In a June 25, 2021 media briefing, Col. Andrew Kelly, commander of the U.S. Army Corps of Engineers Jacksonville District, said a preferred alternative for LOSOM will be chosen by the end of July or first part of August. Then the work starts writing the LOSOM manual.
“We will finish the manual and put out the draft of the environmental information in February 2022,” Kelly said.
The colonel said he is convinced LOSOM will be better than the Lake Okeechobee Regulation Schedule (LORS), adopted in 2008.
“This schedule will take advantage of the additional capabilities that a repaired dike gives us,” said Kelly. “When we entered into the current lake schedule, LORS 2008, we fundamentally shifted some of the capacity of the lake,” he explained. This change was due to concerns about the safety of the Herbert Hoover Dike, which at the time topped the corps’ list of the most at-risk dikes in the country.
Kelly said the corps now better understands how high volume freshwater releases impact and affect the coastal estuaries.

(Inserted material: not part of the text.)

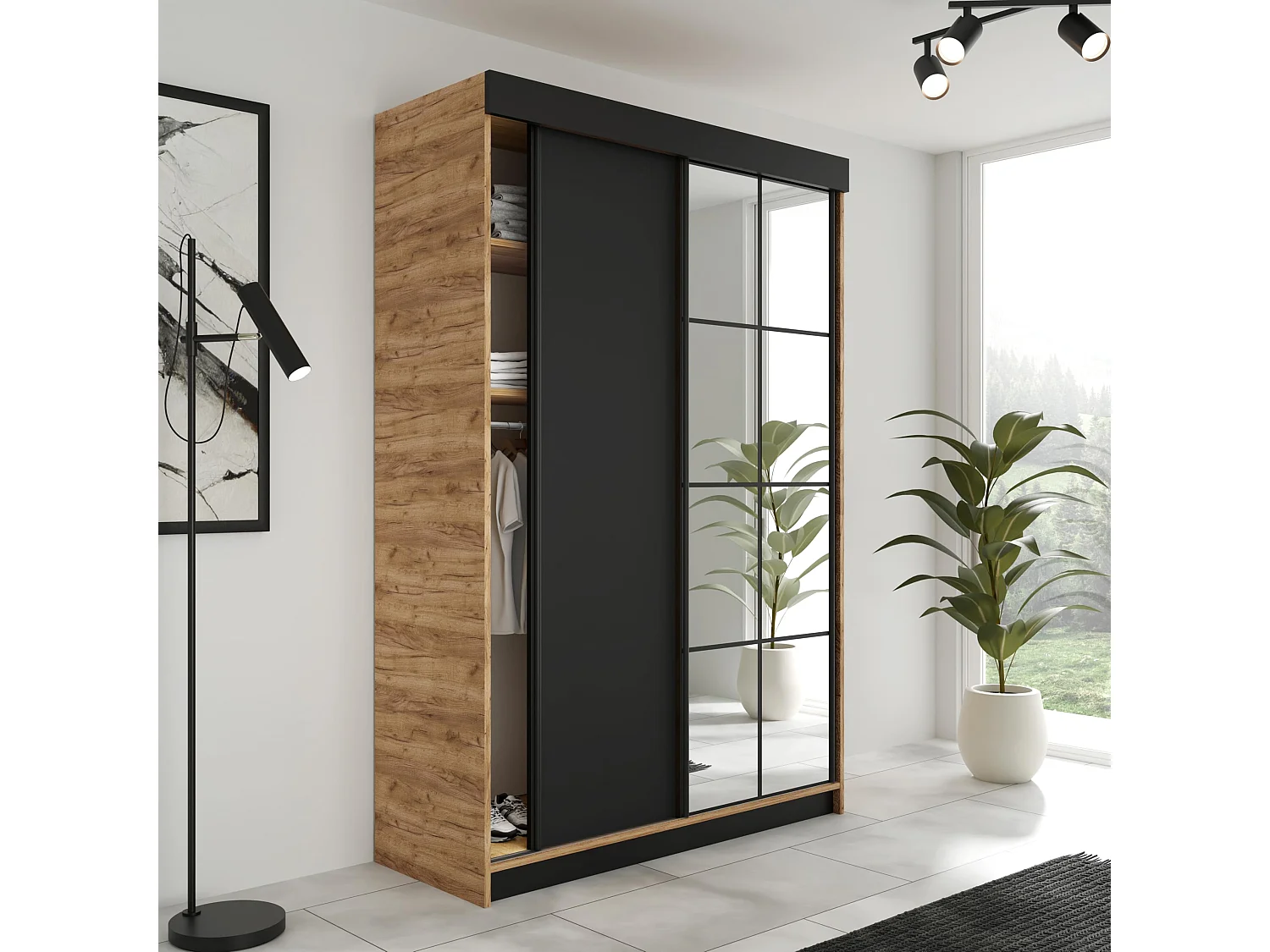 Armoire coulissante LAMARO 138 chêne Craft/noir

“We have more infrastructure to the south,” he added, making it possible to move more water south from the lake.
“We think we will be able to time it in a way that gets us less releases to the estuaries in high volumes, more water to the south and improvement on water supply,” said Kelly.
He said the dike improvements give water mangers more leeway in delaying decisions about lake releases when a hurricane threatens.

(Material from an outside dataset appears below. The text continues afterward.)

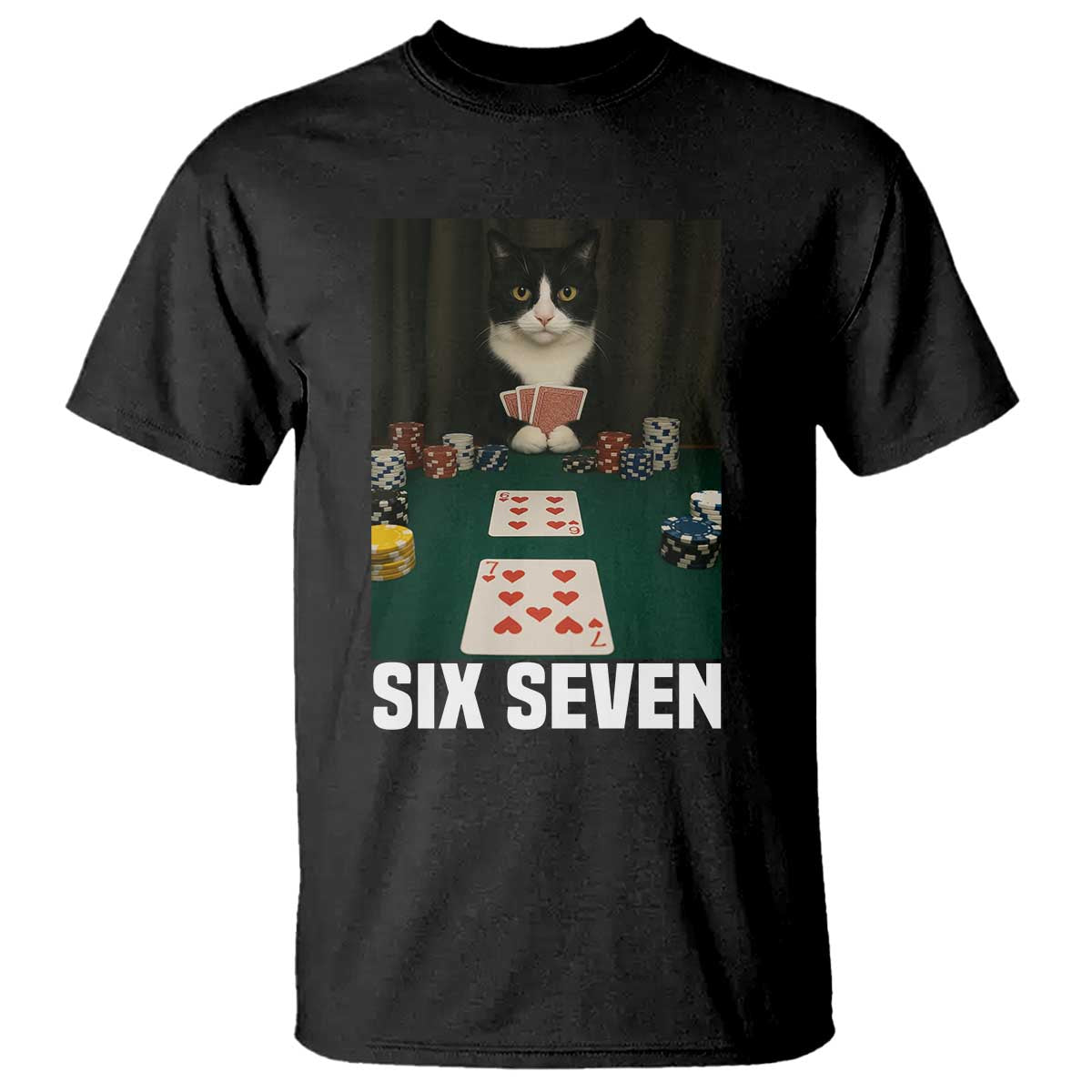 67 Poker Cat T Shirt Funny Six Seven Meme - Wonder Print Shop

For example, when Hurricane Dorian approached the Florida peninsula at one point it looked as if it might come directly over the lake. The lake level was around 14 feet at the time.
Thanks to dike improvements, “we were much more comfortable at that level than we would have been a year prior, being able to have higher confidence in the structure” Kelly explained. “
He said the dike rehabilitation gives the corps “the ability to hold on a little longer until the wet season ends to make higher level releases.
“It’s all about balance,” said Kelly. Just because a higher top lake level is on the schedule “doesn’t mean you should use it all the time.”
“The overall schedule will reflect much of what we have learned in the past decade,” he said. “We’re going to bake into the cake a lot of the lessons we have learned.
LOSOM should include enough flexibility to allow water managers to make smart decisions, he said, but the flexibility in the schedule will be guarded. “We’re not just making it up as we go along,” he added. “We will work through some of the conditions to make sure we stay on track and keep the schedule going forward.”
Kelly said water storage north of the lake is key to giving the corps the ability to manage the lake at levels beneficial to the lake’s ecology. He said they are working hard for WRDA 2022 (the federal Water Resources Development Act of 2022) to fund storage north of the lake.
Storage projects north, east and west of the lake are on track, he continued. The corps will approve the first construction contract for Everglades Agricultural Area (EAA) reservoir this year.
This summer, the corps will go over the Comprehensive Everglades Restoration Plan (CERP) Integrated Delivery Schedule (IDS), the planning document for the CERP projects. Changes to the IDS could be presented in October.
In general, the corps is enjoying historic funding levels for CERP, Kelly said. “Things are going great. We have tons of momentum going forward.”